So, I have a directory with .csv files. For example:
a.csv
id,name
1,john
2,mary
3,alex
b.csv
id,birth
1,01.01.2001
2,05.06.1990
c.csv
id,death
2,01.02.2020
1,-
The result should be one dict where the key is id (int) and value is a dict of all the different values across the the files(dict of dicts). Something like this:
{
1: {"id": 1, "name": "john", "birth": "01.01.2001", "death": -},
2: {"id": 2, "name": "mary", "birth": "05.06.1990",
"death": "01.02.2020"},
3: {"id": 3, "name": "alex", "birth": None, "death": None},
}
So far I've tried to merge all files into one dataframe:
from pathlib import Path
import os
import pandas as pd
files = Path(r'path').rglob('*.csv')
# read in all the csv files
all_csvs = [pd.read_csv(file) for file in files]
# lump into one table
all_csvs = pd.concat(all_csvs, axis=1)
But as a result I get a dataframe where 'id' is repeated in three columns.
Any help will be appreciated!
CodePudding user response:
You want merge and not concat. Since you need to merge multiple DataFrames, you can do:
import os
from functools import reduce
all_csvs = [pd.read_csv(file) for file in os.listdir() if file.endswith(".csv")]

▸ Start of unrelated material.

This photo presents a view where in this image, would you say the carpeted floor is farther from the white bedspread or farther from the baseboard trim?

df = reduce(lambda left, right: pd.merge(left, right, how="outer", on="id"), all_csvs)
>>> df
id name birth death
0 1 john 01.01.2001 NaN
1 2 mary 05.06.1990 01.02.2020
2 3 alex NaN NaN
#for dictionary output replacing nan with None
my_dict = df.where(df.notnull(), None).set_index("id", drop=False).to_dict(orient="index")
>>> my_dict
{1: {'id': 1, 'name': 'john', 'birth': '01.01.2001', 'death': None},
2: {'id': 2, 'name': 'mary', 'birth': '05.06.1990', 'death': '01.02.2020'},
3: {'id': 3, 'name': 'alex', 'birth': None, 'death': None}}
CodePudding user response:
You can even do it without pandas if you're so inclined. First, create a defaultdict that'll hold all your csv data. Let the default element of this dict be a dictionary representing a "default" person, i.e. with all keys having a value of None.
import collections
def default_person():
return {'id': None, 'name': None, 'birth': None, 'death': None}
all_csvs = collections.defaultdict(default_person)
The keys in this dict will be the id field, and values will be the dict containing all the information you want.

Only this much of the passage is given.